Геннадий Владимирович, убедительно ли прозвучала аргументация со стороны главы ФСБ о теракте? Некоторые наблюдатели считают, что это довольно голословно и похоже на то, что говорили те же люди, что малайзийский Boeing сбили украинские ВВС.

Геннадий Гудков: Ну, бывший депутат – это по версии "Единой России".

Владимир Кара-Мурза-старший: Геннадий Владимирович, конечно, мы вас считаем по-прежнему избранным депутатом Думы. Я просто напомнил официальную историю вашего депутатства. А бывших сотрудников спецслужб вообще не бывает.

Геннадий Гудков: Конечно, это теракт. Дело в том, что, видимо, как-то готовили общественное мнение. А оно было очень остро до теракта во Франции. Потому что Россия заявила о своей особой позиции в коалиции, что она будет идти своим собственным путем, сама определять цели и задачи. И было заявлено о чрезвычайной активности не только российских ВВС, но и российских Вооруженных сил, потому что якобы там была и атака флота на позиции террористов. А кто террористы – сложно сказать. Запад говорил, что там не столько террористы, сколько противники Асада. Потом риторика менялась.

Совершенно очевидно, что аэробус был сбит взрывом бомбы, которая взорвалась в багажном отделении. Взрыв был достаточно мощный. Я общался с экспертами, со специалистами, с летчиками, и они сказали, что то, что летчики не подали никаких сигналов бедствия, говорит о том, что люди были уничтожены взрывной волной, которая моментально создает огромное давление и температуру. То есть если бы произошла любая другая неполадка на борту, кроме взрыва, летчики бы успели сказать последние слова, провести какие-то действия, подать сигнал SOS. Даже при взрыве двигателей, допустим (хотя этого практически не бывает на таких самолетах), повредился бы фюзеляж, то были бы другие действия самолета, экипажа. А здесь совершенно очевидно, что все произошло мгновенно, абсолютно неожиданно для пассажиров и летчиков. И никаких прощальных слов, сигналов SOS, никаких "тревожных кнопок" никто не нажимал. Они просто не успели этого сделать. И для экспертов, для специалистов было совершенно очевидно, что это был теракт. По-другому такие лайнеры не разваливаются. Это достаточно крупная, серьезная машина, с хорошей репутацией, которая не может быть одномоментно уничтожена.
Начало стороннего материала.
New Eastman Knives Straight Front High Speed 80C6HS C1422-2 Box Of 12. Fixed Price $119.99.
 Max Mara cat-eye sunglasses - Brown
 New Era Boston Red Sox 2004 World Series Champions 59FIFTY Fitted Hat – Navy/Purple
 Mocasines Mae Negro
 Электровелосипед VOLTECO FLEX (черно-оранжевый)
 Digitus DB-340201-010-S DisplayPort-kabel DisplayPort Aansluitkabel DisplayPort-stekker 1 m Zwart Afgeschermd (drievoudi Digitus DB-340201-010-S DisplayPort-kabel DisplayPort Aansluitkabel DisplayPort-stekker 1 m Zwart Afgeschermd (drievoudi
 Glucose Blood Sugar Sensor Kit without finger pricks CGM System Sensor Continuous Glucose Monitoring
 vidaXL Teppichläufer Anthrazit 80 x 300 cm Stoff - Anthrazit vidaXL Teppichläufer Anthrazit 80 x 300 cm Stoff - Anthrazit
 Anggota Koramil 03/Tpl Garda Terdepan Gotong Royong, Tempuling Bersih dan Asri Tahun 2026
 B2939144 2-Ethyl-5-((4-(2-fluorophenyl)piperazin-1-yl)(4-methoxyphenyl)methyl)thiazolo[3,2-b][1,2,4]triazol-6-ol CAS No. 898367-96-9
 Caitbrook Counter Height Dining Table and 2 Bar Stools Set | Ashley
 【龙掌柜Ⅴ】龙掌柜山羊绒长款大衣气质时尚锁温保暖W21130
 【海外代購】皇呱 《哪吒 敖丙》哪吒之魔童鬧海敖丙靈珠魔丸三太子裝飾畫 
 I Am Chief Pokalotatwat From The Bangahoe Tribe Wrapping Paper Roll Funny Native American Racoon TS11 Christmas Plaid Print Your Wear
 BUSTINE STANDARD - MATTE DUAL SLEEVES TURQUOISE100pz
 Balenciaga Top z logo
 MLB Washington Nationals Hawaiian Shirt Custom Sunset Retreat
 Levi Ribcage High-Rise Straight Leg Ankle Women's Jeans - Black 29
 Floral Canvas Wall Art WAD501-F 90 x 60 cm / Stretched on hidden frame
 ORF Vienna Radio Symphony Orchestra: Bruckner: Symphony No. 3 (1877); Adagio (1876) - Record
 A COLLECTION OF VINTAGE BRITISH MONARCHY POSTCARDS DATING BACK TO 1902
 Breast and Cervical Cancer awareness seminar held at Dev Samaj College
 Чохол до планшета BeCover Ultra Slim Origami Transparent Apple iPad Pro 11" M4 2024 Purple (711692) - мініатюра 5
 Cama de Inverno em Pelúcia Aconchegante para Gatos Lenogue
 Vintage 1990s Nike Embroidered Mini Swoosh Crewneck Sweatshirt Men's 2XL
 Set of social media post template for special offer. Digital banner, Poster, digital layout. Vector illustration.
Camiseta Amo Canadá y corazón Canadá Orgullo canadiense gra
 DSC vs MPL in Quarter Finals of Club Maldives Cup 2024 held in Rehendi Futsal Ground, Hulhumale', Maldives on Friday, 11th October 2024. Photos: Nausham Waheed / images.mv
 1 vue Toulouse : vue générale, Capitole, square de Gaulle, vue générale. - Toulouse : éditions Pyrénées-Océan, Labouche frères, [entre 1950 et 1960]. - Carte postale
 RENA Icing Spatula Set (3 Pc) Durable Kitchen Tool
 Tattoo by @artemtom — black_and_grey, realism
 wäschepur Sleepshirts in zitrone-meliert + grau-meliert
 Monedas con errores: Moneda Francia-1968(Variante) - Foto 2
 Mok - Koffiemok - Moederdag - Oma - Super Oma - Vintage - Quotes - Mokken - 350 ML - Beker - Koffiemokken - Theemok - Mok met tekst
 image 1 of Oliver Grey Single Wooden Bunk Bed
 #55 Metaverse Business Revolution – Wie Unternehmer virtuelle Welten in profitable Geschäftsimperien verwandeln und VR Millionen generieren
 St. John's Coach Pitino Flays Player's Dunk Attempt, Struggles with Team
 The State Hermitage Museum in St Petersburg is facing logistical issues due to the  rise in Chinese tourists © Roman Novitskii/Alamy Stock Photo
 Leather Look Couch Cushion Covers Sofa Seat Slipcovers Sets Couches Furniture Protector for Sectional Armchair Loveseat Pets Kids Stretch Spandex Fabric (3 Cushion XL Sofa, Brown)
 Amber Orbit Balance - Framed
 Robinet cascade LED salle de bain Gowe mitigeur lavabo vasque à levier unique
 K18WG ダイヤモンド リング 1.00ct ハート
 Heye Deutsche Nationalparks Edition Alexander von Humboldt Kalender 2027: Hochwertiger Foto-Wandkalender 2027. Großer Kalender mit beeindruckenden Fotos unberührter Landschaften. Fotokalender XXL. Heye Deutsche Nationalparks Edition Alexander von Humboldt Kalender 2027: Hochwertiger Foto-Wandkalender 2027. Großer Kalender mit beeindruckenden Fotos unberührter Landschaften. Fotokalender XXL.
А почему сейчас заявляют, что теракт? Ну, наверное, наступило время – общественное мнение подготовлено, произошли теракты во Франции. Вроде уже не так страшно говорить, что теракт провели против России, что у нас тоже есть потери в этой необъявленной войне с терроризмом. 224 жизни – такие мы имеем потери гражданского населения в этих боевых действиях.

Владимир Кара-Мурза-старший: Борис Борисович, если прекратили полеты в Египет, какая теперь уж разница? Раз в Париже есть террористы, надо ужесточать меры безопасности на всем воздушном транспорте, а не только на египетском направлении.

Борис Рыбак: Очевидно, это и делается.

Владимир Кара-Мурза-старший: То есть так же, как после 11 сентября 2001 года, нужно провести всеобщую кампанию? Ведь террористы действуют зачастую парадоксально и асимметрично.

Борис Рыбак: Ну, насчет того, что нужно, – это вопрос почти философский. Но то, что это происходит, – это очевидный факт.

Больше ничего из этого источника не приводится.